◆ INFORMATION SHOWN
- - -
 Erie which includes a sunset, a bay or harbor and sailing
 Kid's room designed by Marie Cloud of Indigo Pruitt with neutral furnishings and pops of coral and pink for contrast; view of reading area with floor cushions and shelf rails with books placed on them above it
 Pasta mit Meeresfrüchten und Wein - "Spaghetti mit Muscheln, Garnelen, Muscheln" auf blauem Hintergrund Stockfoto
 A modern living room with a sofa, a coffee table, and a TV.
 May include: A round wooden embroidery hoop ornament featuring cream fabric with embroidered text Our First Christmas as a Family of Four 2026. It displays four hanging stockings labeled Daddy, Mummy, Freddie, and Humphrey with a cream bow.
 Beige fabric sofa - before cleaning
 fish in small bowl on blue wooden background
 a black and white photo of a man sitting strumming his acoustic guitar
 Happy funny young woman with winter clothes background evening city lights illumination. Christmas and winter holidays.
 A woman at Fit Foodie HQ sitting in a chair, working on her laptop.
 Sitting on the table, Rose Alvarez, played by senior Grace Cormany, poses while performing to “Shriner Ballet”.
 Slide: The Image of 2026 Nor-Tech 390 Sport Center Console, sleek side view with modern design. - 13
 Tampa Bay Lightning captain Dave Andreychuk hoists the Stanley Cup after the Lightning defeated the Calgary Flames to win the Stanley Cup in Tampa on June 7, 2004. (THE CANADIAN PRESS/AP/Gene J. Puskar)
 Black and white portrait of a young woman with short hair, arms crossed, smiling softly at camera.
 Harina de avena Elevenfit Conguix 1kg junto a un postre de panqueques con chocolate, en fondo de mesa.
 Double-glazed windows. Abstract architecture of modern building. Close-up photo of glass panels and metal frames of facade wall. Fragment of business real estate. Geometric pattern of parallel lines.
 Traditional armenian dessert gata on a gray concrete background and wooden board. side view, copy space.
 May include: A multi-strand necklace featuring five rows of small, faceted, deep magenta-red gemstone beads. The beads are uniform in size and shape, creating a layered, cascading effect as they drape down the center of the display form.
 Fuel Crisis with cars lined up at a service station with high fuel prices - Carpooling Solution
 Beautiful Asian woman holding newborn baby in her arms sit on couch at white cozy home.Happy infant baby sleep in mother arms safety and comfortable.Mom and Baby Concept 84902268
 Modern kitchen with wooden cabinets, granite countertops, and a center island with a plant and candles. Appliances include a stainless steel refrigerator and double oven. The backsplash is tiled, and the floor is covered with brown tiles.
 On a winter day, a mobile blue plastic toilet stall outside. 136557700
- - -
◆ ASSIGNMENT
From the records above, transcribe exactly the run of lines that opens with the line holding "May include: A multi-strand" and closes with the line holding "Fuel Crisis with", both included.

◆ RESULT OF THIS EXERCISE
 May include: A multi-strand necklace featuring five rows of small, faceted, deep magenta-red gemstone beads. The beads are uniform in size and shape, creating a layered, cascading effect as they drape down the center of the display form.
 Fuel Crisis with cars lined up at a service station with high fuel prices - Carpooling Solution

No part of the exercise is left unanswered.